Can't understand a recursive definition of reverse reverse (x): get the reverse of a string x.
For instance; reverse (aaabc) = cbaaa
Ok, so I made this.
$W_1 ∈ Σ$* and $W_2 ∈ Σ$* and $x ∈ Σ$
I guessed that $W_1$.$(W_2x)$ is a concatenation then $(W_2x)$.$W_1$ is the reverse. But I can't explain it.
Also, I made an alternative resolution which is:
Being $W_x$ and $W_x$ two strings and $x$ the first letter of each string.
if $W_x = W_y$ $and$ $xW_x = W_yx$ then the string will be the reverse.
Is it right?
 A: Although ist is not completely clear to me what your question is, I will try to answer it. It seems you are looking for a way to recursively define a function to compute the reverse of a string.
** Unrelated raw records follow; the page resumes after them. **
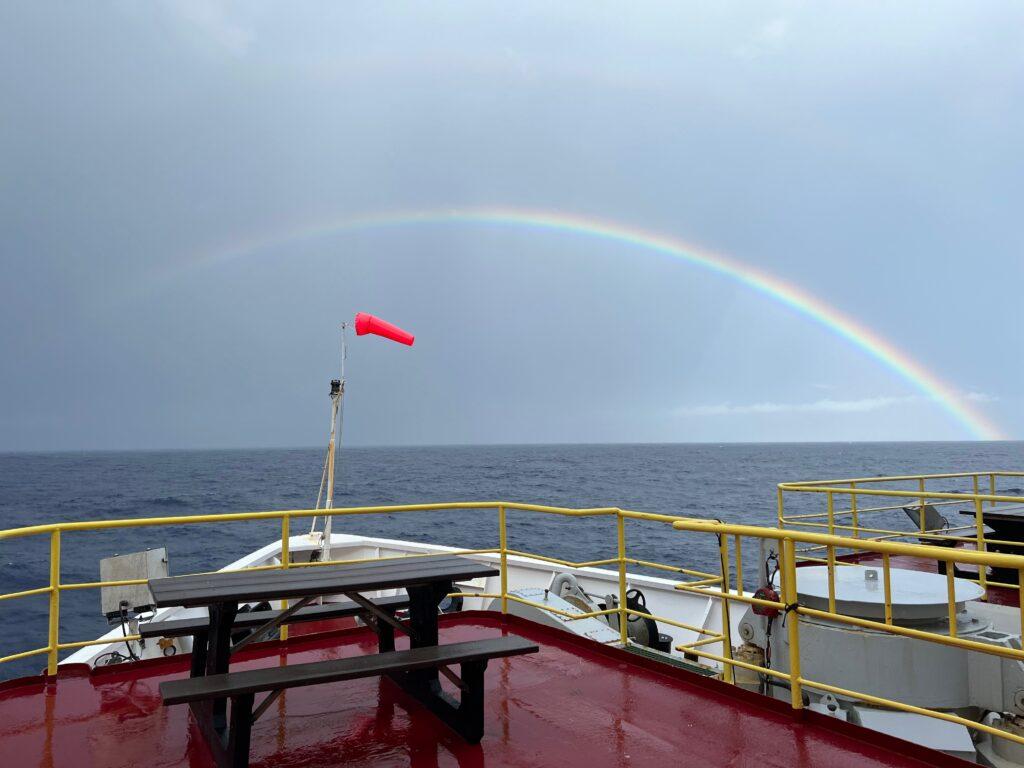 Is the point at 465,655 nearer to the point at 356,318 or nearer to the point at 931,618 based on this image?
the point at 931,618

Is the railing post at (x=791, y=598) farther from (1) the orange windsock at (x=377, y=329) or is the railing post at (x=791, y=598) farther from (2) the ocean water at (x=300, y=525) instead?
(2) the ocean water at (x=300, y=525)

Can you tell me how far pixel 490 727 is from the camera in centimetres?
425

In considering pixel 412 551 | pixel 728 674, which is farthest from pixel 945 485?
pixel 728 674

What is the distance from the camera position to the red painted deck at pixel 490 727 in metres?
3.82

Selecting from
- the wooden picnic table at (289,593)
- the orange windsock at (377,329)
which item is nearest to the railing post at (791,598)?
the wooden picnic table at (289,593)

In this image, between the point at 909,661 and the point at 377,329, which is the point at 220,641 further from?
the point at 377,329

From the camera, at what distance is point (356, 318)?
1077 centimetres

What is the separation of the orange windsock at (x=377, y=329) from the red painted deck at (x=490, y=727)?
5896mm

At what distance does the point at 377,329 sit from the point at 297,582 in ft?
23.8

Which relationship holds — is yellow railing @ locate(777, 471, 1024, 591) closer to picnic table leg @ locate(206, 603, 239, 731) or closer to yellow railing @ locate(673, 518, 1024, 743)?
yellow railing @ locate(673, 518, 1024, 743)

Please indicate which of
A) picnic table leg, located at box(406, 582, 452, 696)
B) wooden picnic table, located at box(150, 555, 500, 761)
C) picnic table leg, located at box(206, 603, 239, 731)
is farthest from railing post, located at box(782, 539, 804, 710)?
picnic table leg, located at box(206, 603, 239, 731)

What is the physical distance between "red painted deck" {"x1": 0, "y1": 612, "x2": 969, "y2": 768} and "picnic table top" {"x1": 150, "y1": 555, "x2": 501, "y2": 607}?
34.3 inches

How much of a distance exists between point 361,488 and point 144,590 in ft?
177

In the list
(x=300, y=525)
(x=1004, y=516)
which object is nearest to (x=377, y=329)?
(x=1004, y=516)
One way can be based on the following equality:
$$reverse(uv) = reverse(v)\cdot reverse(u)$$
You split your string at an arbitrary position and use recursion on both parts until you hit the end with $reverse(a) = a$ for all $a\in \Sigma$.
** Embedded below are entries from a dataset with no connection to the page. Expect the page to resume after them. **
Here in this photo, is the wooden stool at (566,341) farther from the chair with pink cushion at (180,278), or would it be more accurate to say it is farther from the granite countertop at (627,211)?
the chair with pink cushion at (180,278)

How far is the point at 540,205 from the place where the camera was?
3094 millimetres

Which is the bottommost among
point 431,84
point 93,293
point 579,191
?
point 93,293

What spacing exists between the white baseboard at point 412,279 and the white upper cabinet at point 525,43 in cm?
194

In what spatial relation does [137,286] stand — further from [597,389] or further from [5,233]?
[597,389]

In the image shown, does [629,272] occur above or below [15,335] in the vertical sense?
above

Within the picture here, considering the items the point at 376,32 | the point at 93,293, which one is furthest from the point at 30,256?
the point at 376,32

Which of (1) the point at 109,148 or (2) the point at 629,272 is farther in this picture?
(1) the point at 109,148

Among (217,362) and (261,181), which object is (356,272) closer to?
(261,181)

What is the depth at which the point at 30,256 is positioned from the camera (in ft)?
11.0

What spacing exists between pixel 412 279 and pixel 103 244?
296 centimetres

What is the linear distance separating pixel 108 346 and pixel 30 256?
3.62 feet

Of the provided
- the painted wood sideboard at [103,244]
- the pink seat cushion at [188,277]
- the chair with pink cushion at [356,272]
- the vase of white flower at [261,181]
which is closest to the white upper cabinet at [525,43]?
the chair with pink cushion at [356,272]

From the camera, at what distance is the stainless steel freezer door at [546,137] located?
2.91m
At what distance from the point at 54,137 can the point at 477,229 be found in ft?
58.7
Your attempts with one of the parts of the string being only one symbol hide the fact that in general both parts need to be reversed. But if you want to have only one path of recursion you can do the splitting of the string always into the first or last symbol and the rest like in
$$reverse(aw) = reverse(w)\cdot reverse(a) = reverse(w)\cdot a$$
for $a\in \Sigma$ and $w\in \Sigma^+$.
In the second part of your question, if $W_x$ and $W_y$ are equal and both start with $a$, then $aW_x=W_ya=W_xa$ means that for all relevant $i$ the $i$-th letter of $W_x$ is equal to the $i+1$st and consequently this can only be true for strings consisting only of $a$. All of these, of course, are equal to their own reverse.